Referring to FIG. 4A, a1, b1, c1, d1, e1, f1, g1, h1, i1, j1, k1, l1, m1, n1, o1, and p1 which are all pixels in a 4×4 block 410 of an 8×8 block 400 are predicted from (A+B+C+D+I+J+K+L+4)/8. Also, pixels a2, b2, c2, d2, e2, f2, g2, h2, i2, j2, k2, l2, m2, n2, o2, and p2 are predicted from (E+F+G+H+2)/4. Also, pixels a3, b3, c3, d3, e3, f3, g3, h3, i3, j3, k3, l3, m3, n3, o3, and p3 are predicted from (M+N+0+P+2)/4 and pixels a4, b4, c4, d4, e4, f4, g4, h4, i4, j4, k4, l4, m4, n4, o4, and p4 are predicted from (E+F+G+H+M+N+0+P+4)/8.
FIG. 4B illustrates pixel prediction of a chrominance block, an R block, and a B block in Horizontal mode.
Pixel a1 is predicted from pixel I, pixel b1 from pixel a1, and pixel c1 from pixel b1. Thus, prediction is performed by using an adjacent pixel in the horizontal direction in the block 400 to be predicted.
FIG. 4C illustrates pixel prediction of a chrominance block, an R block, and a B block in Vertical mode.
Pixel a1 is predicted from pixel A, pixel e1 from pixel a1, and pixel i1 from pixel e1. Thus, prediction is performed by using an adjacent pixel in the vertical direction in the block 400 to be predicted.
It is described above that pixel prediction is performed by using adjacent pixels in each of 4×4 block units in luminance block and G block prediction and is performed by using adjacent pixels in each of 8×8 block units in chrominance block, R block, and B block prediction.
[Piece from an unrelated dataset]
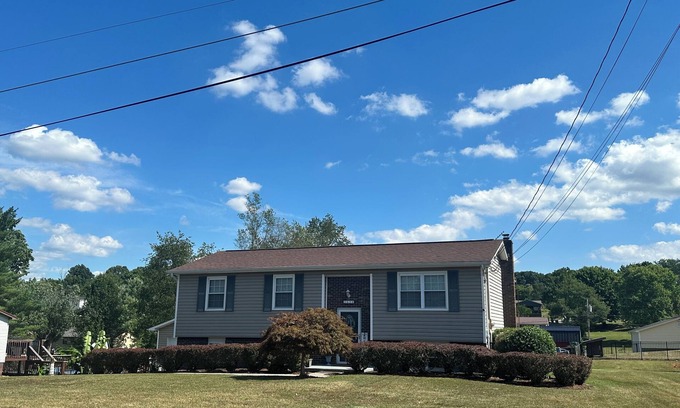 Morristown Casa | Private, Cozy, Clean 4 Bedroom Home in Morristown. WiFi, AC, close to downtown.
However, the prediction method is not limited to the 4×4 block or 8×8 block, and can be equally applied to blocks of an arbitrary size M×N. That is, even when a block unit to be predicted is an M×N block, a pixel value to be predicted can be calculated by using a pixel closest to the pixel value in a prediction direction in the block.
FIG. 5 illustrates a prediction method when encoding and decoding are performed in the above modes.
Referring to FIG. 5, another method for obtaining a residual by pixel prediction will now be explained. In the conventional encoder, in order to obtain a residual value, a pixel in an adjacent block is used. For example, in Vertical_mode of FIG. 3A, in the conventional method, pixels a 302, e 304, i 306, and m 308 are predicted all from pixel A, and therefore, residual values are r₀=a−A, r₁=e−A, r₂=i−A, and r₃=m−A. In the present invention, by using thus obtained conventional residual values, new residual values are calculated. Then, the new residual values are r′₀=r₀, r′₁=r₁−r₀, r′₂=r₂−r₁, and r′₃=r₃−r₂. At this time, since the new residual values r′₀, r′₁, r′₂, and r′₃are r′₀=a−A, r′₁=e−a, r₂=i−e, and, and r′₃=m−i, r′₀, r′₁, r′₂, r′₃have the same values as the residual values predicted from the nearest adjacent pixels according to the prediction method described above. Accordingly, with the new residual values r′₀, r′₁, r′₂, and r′₃, in each mode as described above, the pixel prediction method using an adjacent pixel can be applied.
Accordingly, the motion prediction unit 110 of the encoding apparatus of the present invention of FIG. 1 can further include a residual value calculation unit generating new pixel values r′₀, r′₁, r′₂, and r′₃from residuals.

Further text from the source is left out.